His was a faith that could actually “move mountains,” and Christ routinely repositioned foothills and highlands as he fed the hungry multitudes with a small lunch, brought the dead back to life, and healed the incurable sores of contaminated lepers. He transformed the insurmountable with his acts of kindness, compassion, love. Christ had all power and knowledge, understanding all the mysteries and complexities of life, and yet love was at his core. His mind was ordered by love; love was the prevailing sound resonating through his life, seen in his actions.

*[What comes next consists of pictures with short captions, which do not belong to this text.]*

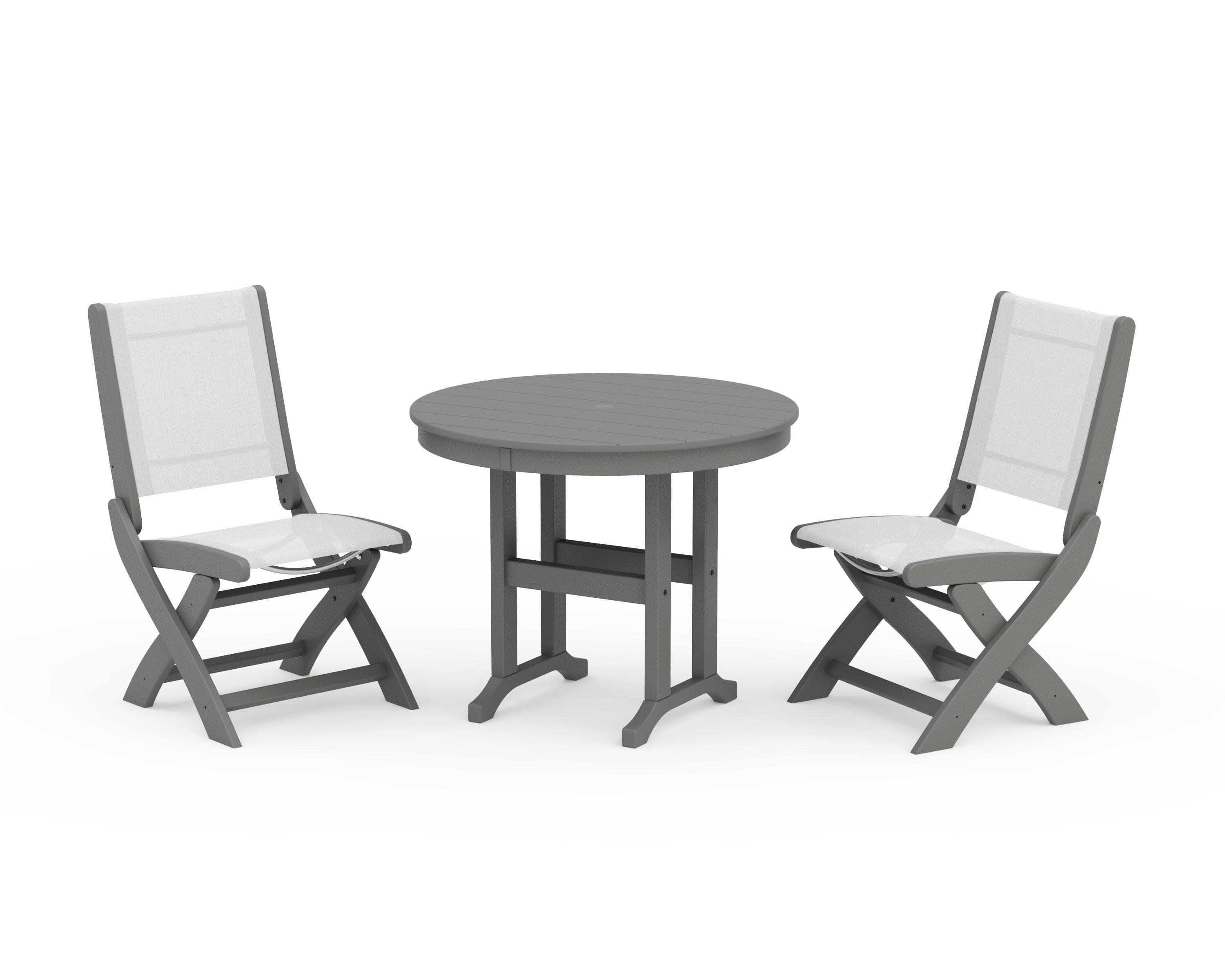 Coastal Folding Side Chair 3-Piece Round Dining Set in Slate Grey / White Sling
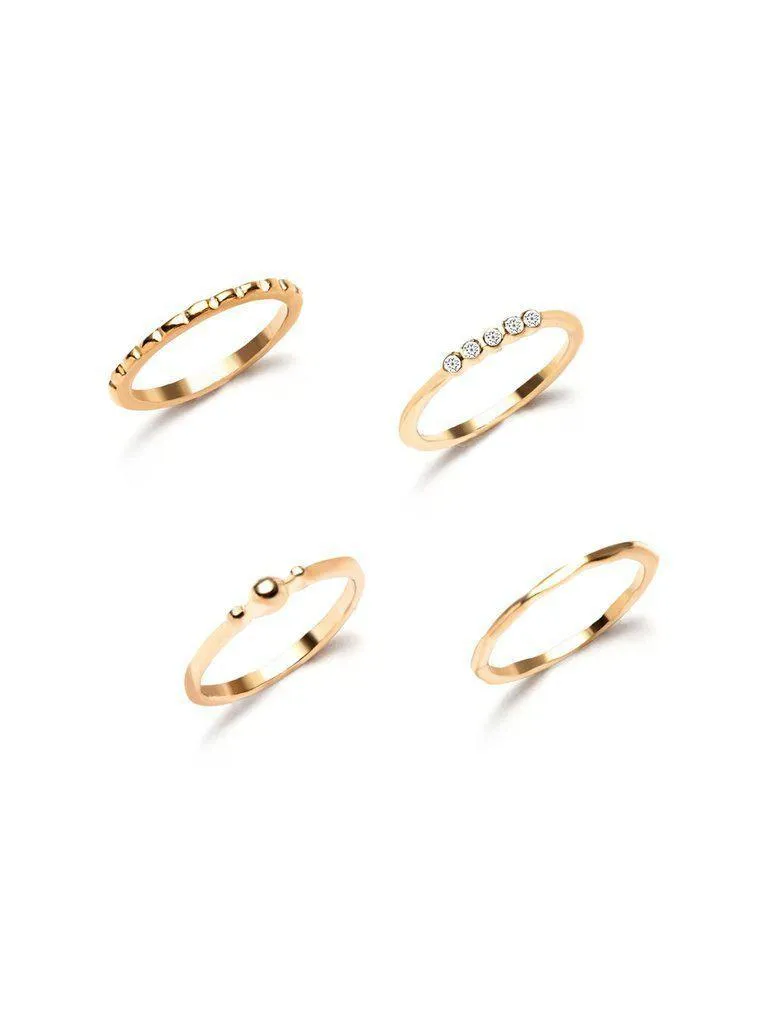 Gold Plated Embellished Ring Set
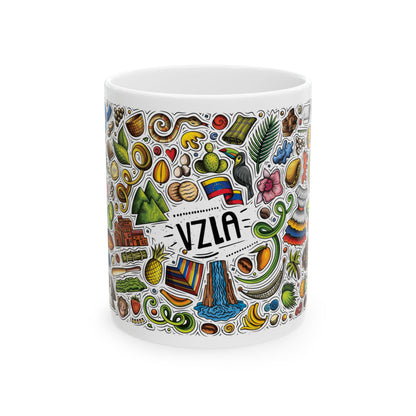 Taza de Cerámica VZLA – Colorida y Inspirada en Venezuela, el Regalo Perfecto para Amantes del Café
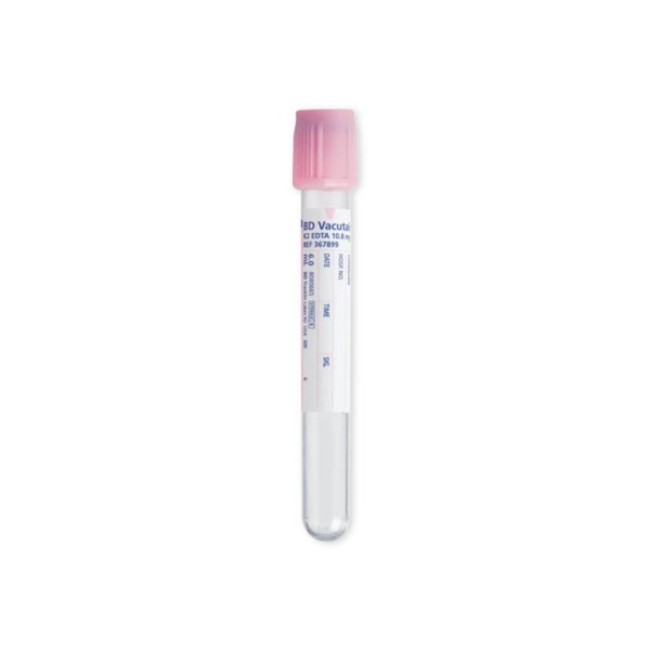 Tubes  Vacutainer Blood Collection Tube With K2 Edta   Plastic   Pink Hemogard Closure   Paper Cross Match Label   13 X 100 Mm   6 Ml   10 8 Mg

Our Lord displayed patience and kindness as he instructed his plodding disciples, gathered children in his arms, or instructed the curious crowds pressing in against him. His was a generative love, a building-others-up kind of love, a love void of selfishness. Jesus’ love made him willing to be interrupted, placing the concerns of others as a high priority. We see his brand of love as he raised a widow’s only son to life, restored the dignity of a prostitute, and washed away the greed from a tax collector’s hands. Only Jesus’ sort of love would allow Judas to live by his side for three years and then wash his feet right before he walked out of the upper room to betray him for a few measly coins.

Jesus bore it all, believed the Father’s way was best, and he endured the taunts, accusations, whips, nails, mockery, and the scorn. Christ actually did “give away” all that he had – he willingly surrendered his body as an offering, a pure and holy sacrifice. Jesus demonstrated precisely what love looks like, how love responds when it is tested, not returned, ignored.

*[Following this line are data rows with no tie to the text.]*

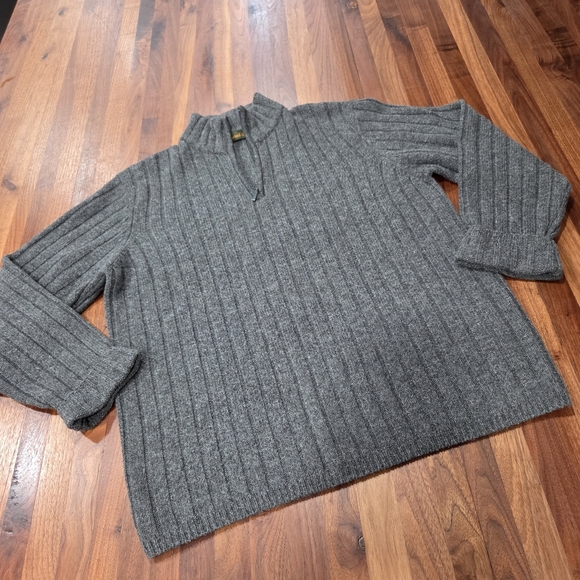 Timberland Wool Blend Quarter Zip Gray Ribbed Men's Sweater Size XL - Picture 1 of 8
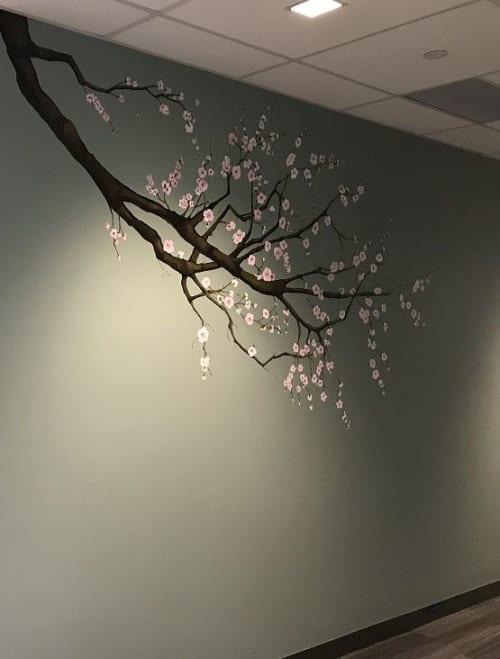 Cherry Blossom Mural 3 | Murals by Murals By Marg. Item made of synthetic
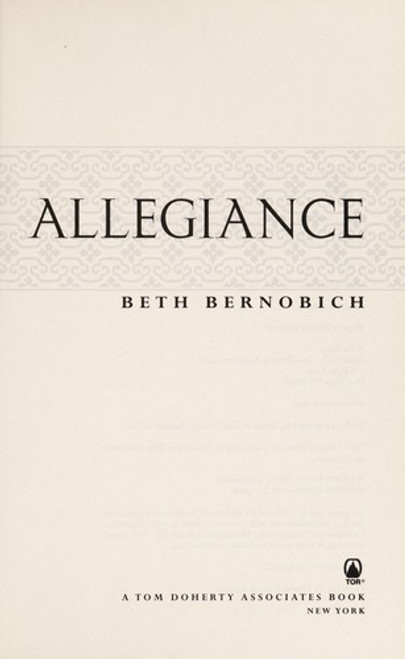 Allegiance (River of Souls) front cover by Beth Bernobich, ISBN: 0765322196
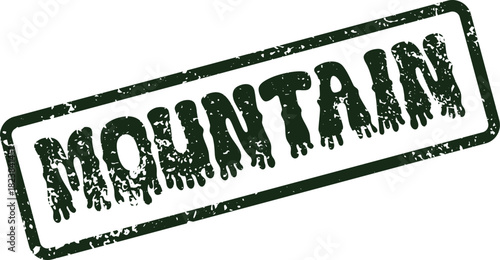 Robust green mountain word stamp expressing adventure, nature, and majestic outdoor landscapes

Christ still calls to those who reject him, gives to those who are oblivious, and invites in those who are indifferent. He still creates in us a longing for him, a dissatisfaction with everything else in order to desire what he knows is best.

Love compelled Christ to the cross. His love is still an undistinguishable force at work in our lives because “love bears all things, believes all things, hopes all things, endures all things. Love never ends” (I Corinthians 13:7-8).